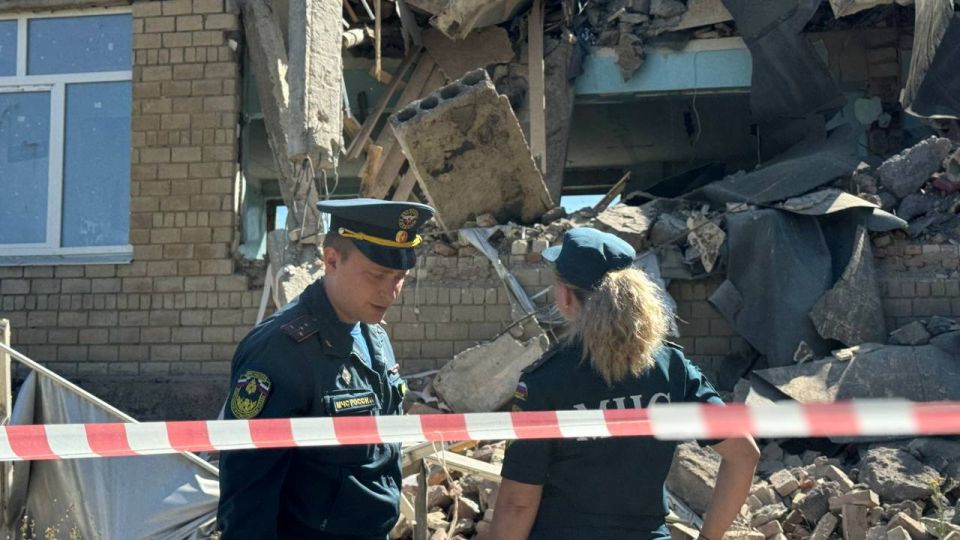 Причины устанавливаются: Диверсия рассматривается как одна из версий обрушения школы в Макеевке Причины устанавливаются: Диверсия рассматривается как одна из версий обрушения школы в Макеевке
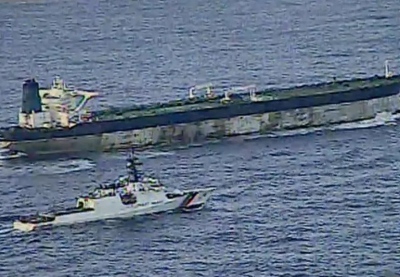 Telegraph: Η κατάσχεση του δεξαμενόπλοιου Marinera ήταν μήνυμα του Trump στον Putin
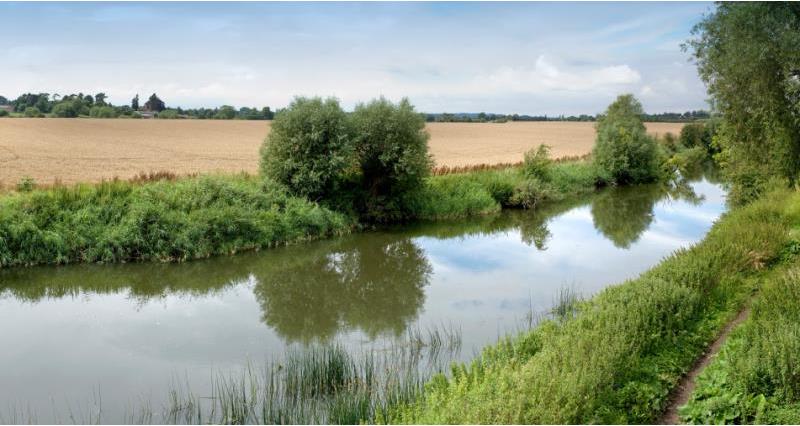 A river in farming landscape_21975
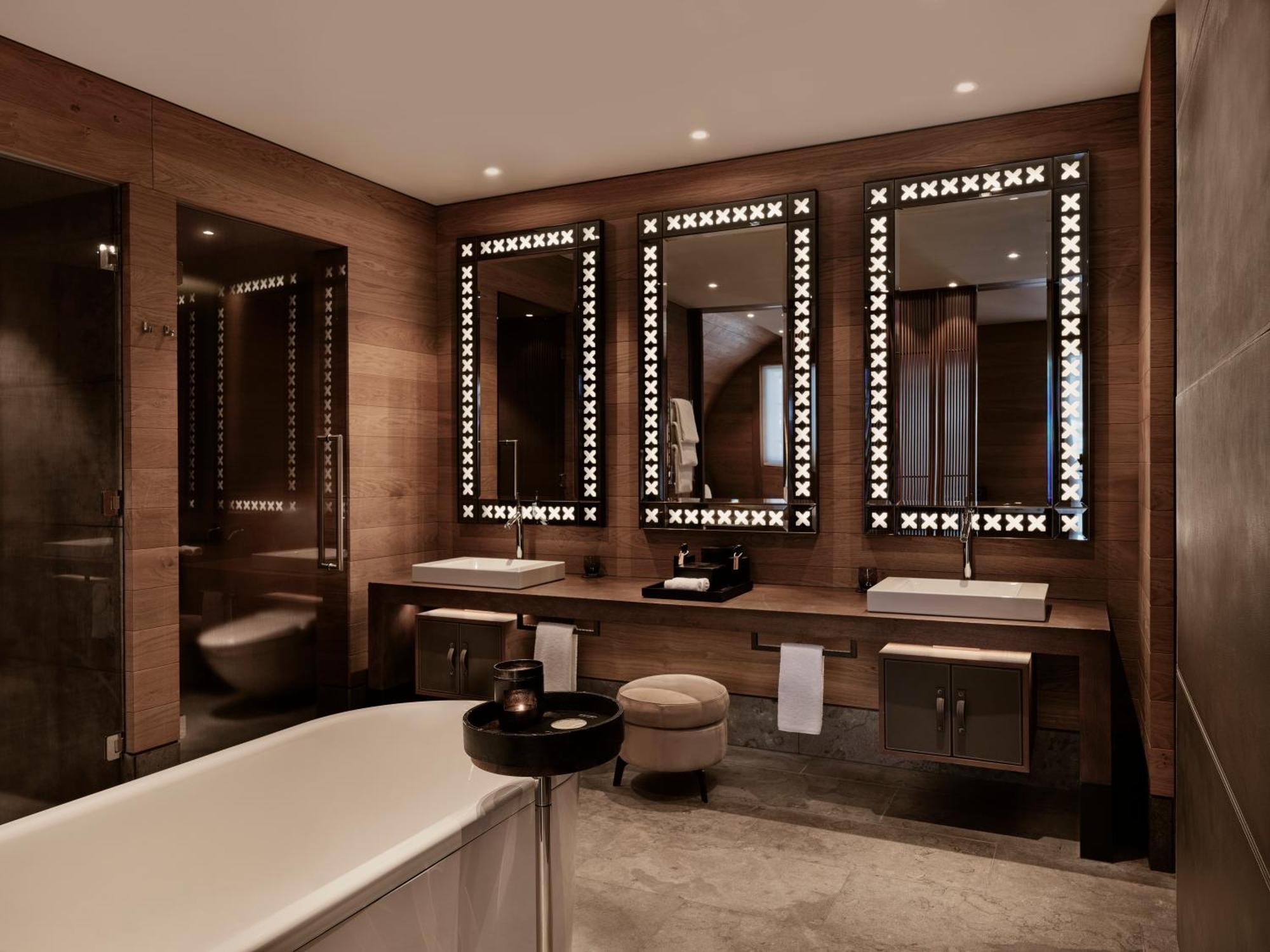Alpine Junior Suite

### WORK INSTRUCTIONS
Return exactly the lines from the line with "Telegraph: Η κατάσχεση" through the last line of the data above, both included; pictures do not go in the answer.

### ANSWER FOR THE TASK
 Telegraph: Η κατάσχεση του δεξαμενόπλοιου Marinera ήταν μήνυμα του Trump στον Putin
 A river in farming landscape_21975
Alpine Junior Suite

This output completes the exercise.